Troisième élément : l'immixtion de l'exécutif dans la chaîne pénale. Je pense notamment à la note du procureur de la République de Paris du 12 janvier 2019 et à la circulaire du garde des Sceaux du 18 mars 2023, qui demandent aux parquets de faire preuve d'une extrême fermeté, de viser certaines infractions, de maintenir les gardes à vue et d'apporter une réponse pénale immédiate. La chaîne pénale est bouleversée dès qu'il y a une manifestation. Les policiers interpellateurs remplissent des fiches de mise à disposition en cochant toutes les infractions qu'ils ont l'impression de constater, en se disant qu'on verra plus tard. L'officier de police judiciaire auquel ils conduisent les dizaines de personnes interpellées doit regarder les enregistrements vidéo et auditionner les policiers alors qu'il n'en a pas le temps. C'est ce qui fait que les gardes à vue durent quarante-huit heures. Le parquet n'a pas les moyens de trier car la justice est démunie. Il devrait venir en garde à vue et vérifier les procédures. Mais il ne le fait pas. Pourtant, l'autorité judiciaire est censée être garante de la procédure et contrôler les gardes à vue. C'est une vraie difficulté.

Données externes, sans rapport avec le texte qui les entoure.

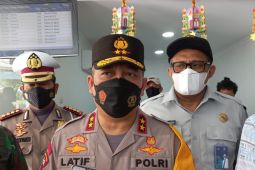 Kapolda Maluku angkat Polwan jadi Wakapolres dan Kapolsek
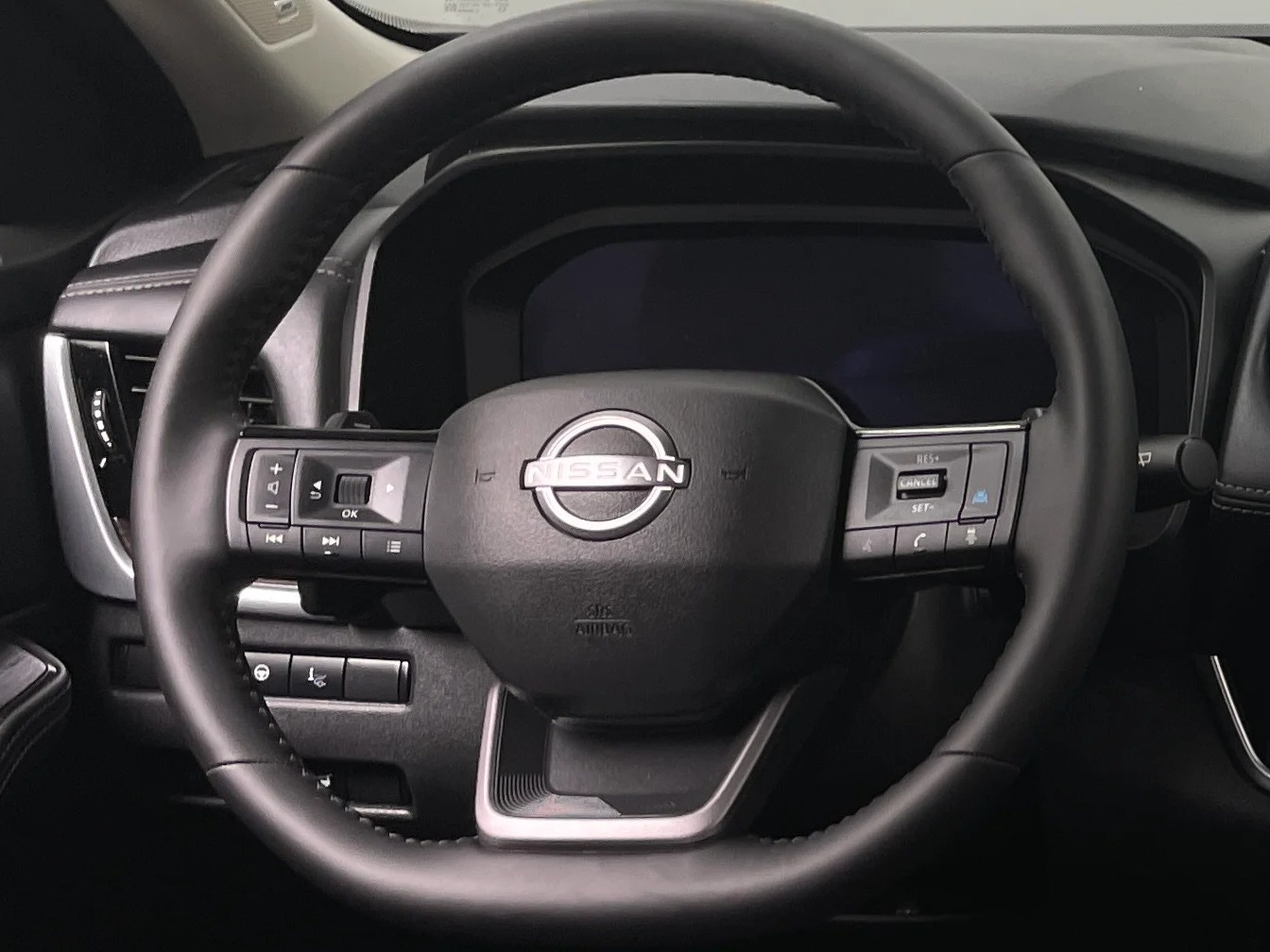 Thumbnail: 2026 Nissan Rogue - 4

Une énième loi « anticasseurs » qui viendrait renforcer l'arsenal répressif serait inutile. Pour nous, le problème est politique et policier, en lien avec la doctrine de maintien de l'ordre et avec sa judiciarisation. Nous demandons l'abrogation du délit de participation à un groupement en vue de commettre des violences. Nous avons écrit en ce sens, avec le Syndicat de la magistrature, Amnesty International et la Ligue des droits de l'homme, à tous les parlementaires. Ce délit sert aux policiers à arrêter sans aucun fondement juridique, ce qui débouche sur des gardes à vue de quarante-huit heures alors que l'infraction n'est pas constituée, puisqu'elle est imprécise et qu'elle nécessite de démontrer des actes préparatoires. La dissimulation du visage est un autre point sur lequel nous pourrons revenir.